Don Currey was a 30-year-old graduate student when he was responsible for cutting down the world's oldest tree.

A geography student at the University of North Carolina, Don wanted to better understand Ice-Age glaciology by examining bristlecone trees. In the summer of 1964, he was in a grove of bristlecones on Wheeler Peak Mountain in Nevada when his tree corer got stuck in a tree.

A park ranger helped him remove the instrument by cutting down the tree. Don counted its rings and eventually realized, much to his dismay, that the tree was 4,844 years old — what was then considered the oldest tree on the planet.

The mistake advanced geographers' understanding of longevity, which had been correlated with size of tree — the redwoods of California, for instance. Diminutive bristlecone pines — trees that peak at just 20 feet — are, it turns out, among the oldest trees in the world.

They live so long because, even if a large portion of a bristlecone is damaged by erosion or fire, small strips of living bark, which one researcher dubbed "life lines," keep the tree alive. A mere, two-inch-wide strip of bark supports all of the tree's foliage.

Despite severe and harsh conditions, the bristlecone endures over time.
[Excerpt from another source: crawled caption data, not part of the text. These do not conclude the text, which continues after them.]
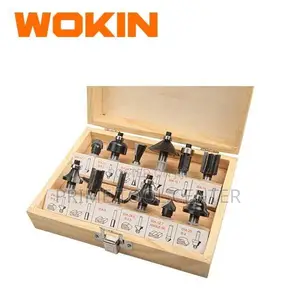 WOKIN 12 PCS CARBIDE ROUTER BITS SET
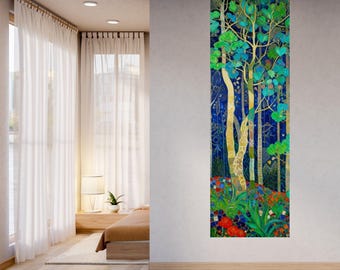 Vertical Bridge Canvas Print, Tall Narrow Wall Art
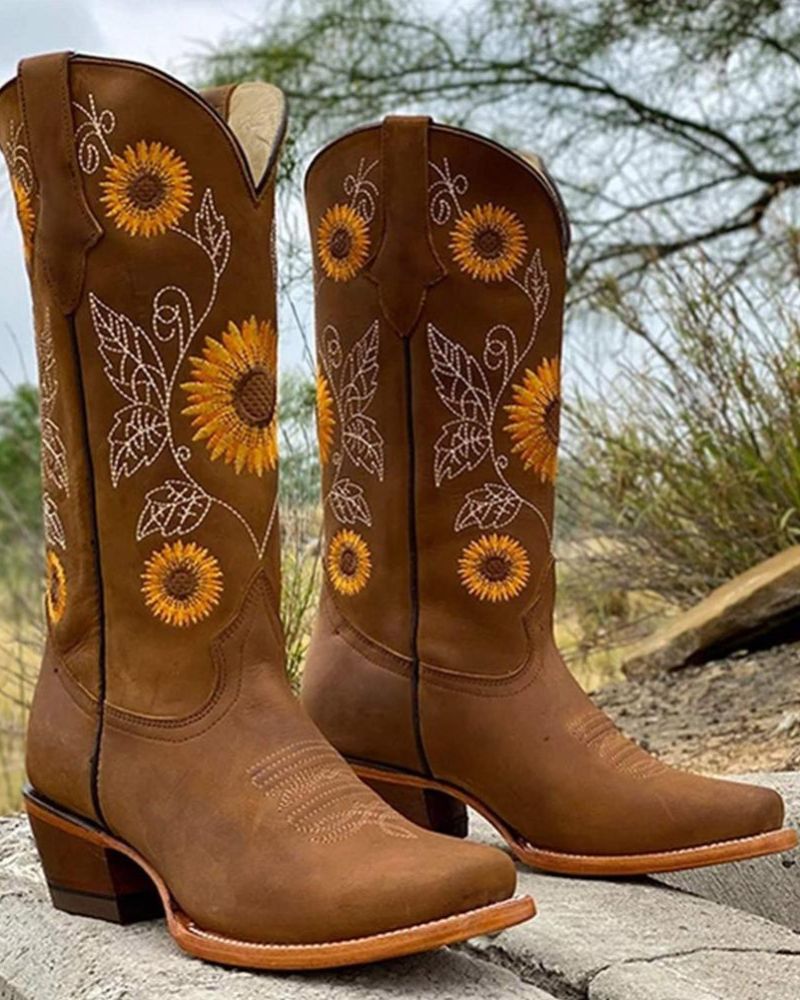 Krohn-e | Sonnenblumenstiefel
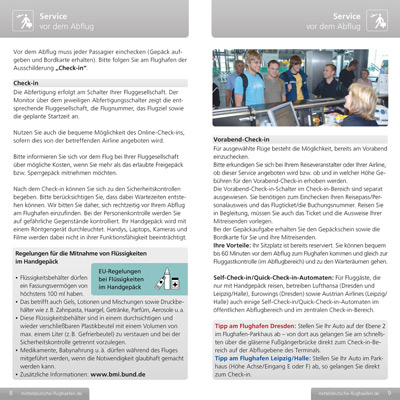 Flugplan Inhaltsseite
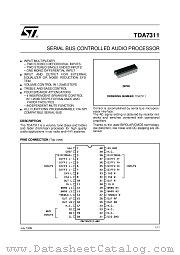 TDA7311 datasheet pdf ST Microelectronics
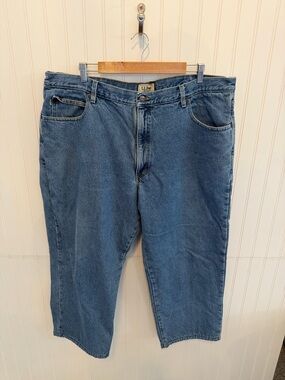 L.L. Bean Flannel Lined Relaxed Fit Men’s Denim Jeans - Medium Blue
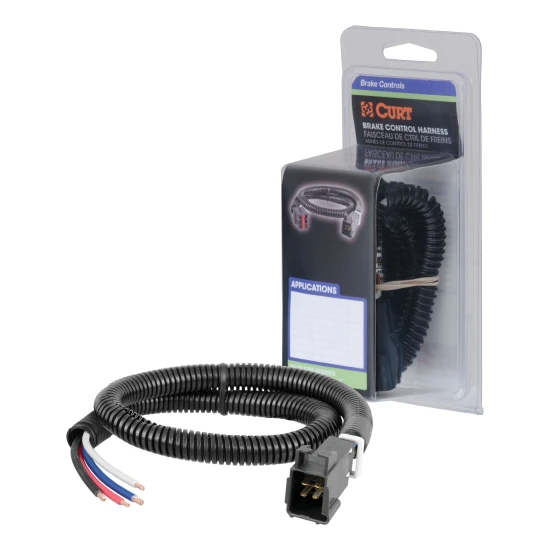 CURT Trailer Brake Controller Harness for Easy Installation Universal CURT trailer brake controller harness with wiring adapter for easy installation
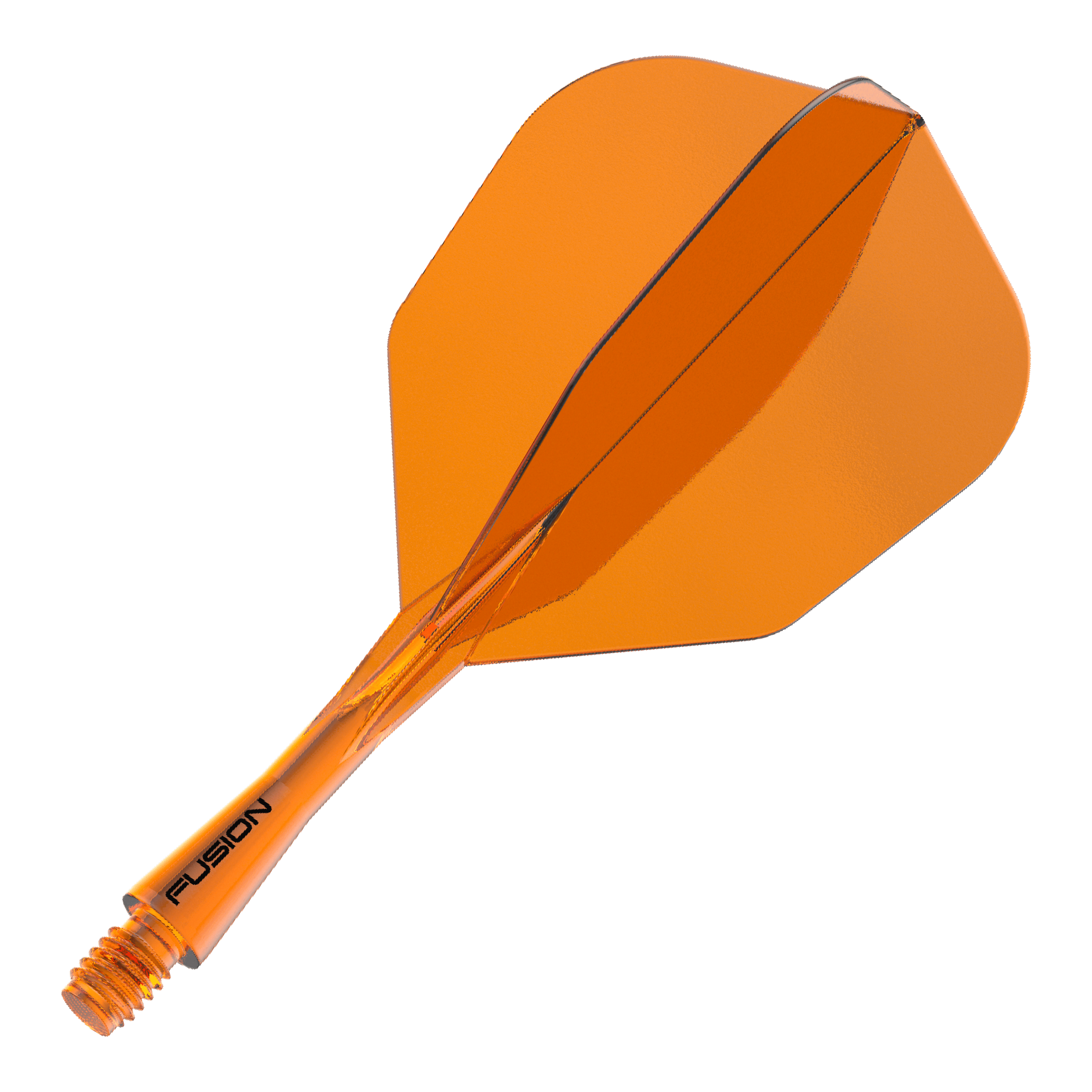 Abgebildet ist das Winmau Fusion Flight Shaft System No6, Neon Orange, 22 mm. Dies ist eine Einzeldarstellung des Produkts.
It's the same with people.

As I look ahead to 2017, I've been thinking of history in my life — both as a Catholic and a member of my family. The communion of saints feels more alive to me than ever before — almost hauntingly so, yet comforting — the canonized ones and my ancestors, stories of resilience and grace and the life lines that sustained, despite severe and harsh conditions. They are my "life lines."

I've resolved to study them this year and glean their stories and songs. I want to capture oral histories of those still living and to read up on those no longer here. I'm feeling blessed and strengthened by my history. I want to dig deeper.

To begin, I'm reading Robert Ellsberg's book "The Saints' Guide To Happiness," which frames that secular pursuit, an unalienable American right, in spiritual terms, showing how the saints' capacity for goodness and love, ultimately, made them happy.

My biggest takeaway is the book's message about learning to see and learning to love. "Our whole business in this life is to restore to health the eyes of the heart, whereby God may be seen," St. Augustine wrote.

That's what happened to Thomas Merton, on an errand in the shopping district of Louisville, Ky.

"I was suddenly overwhelmed with the realization that I loved all those people, that they were mine and I theirs...," Merton wrote as recounted in Ellsberg's book. "It was as if I suddenly saw the secret beauty of their hearts, the depths of their hearts, where neither sin nor desire nor self-knowledge can reach, the core of their reality, the person that each one is in God's eyes."

What more could we hope for in the new year than to share in that vision?

Capecchi is a freelance writer from Inver Grove Heights, Minn., and the editor of SisterStory.org.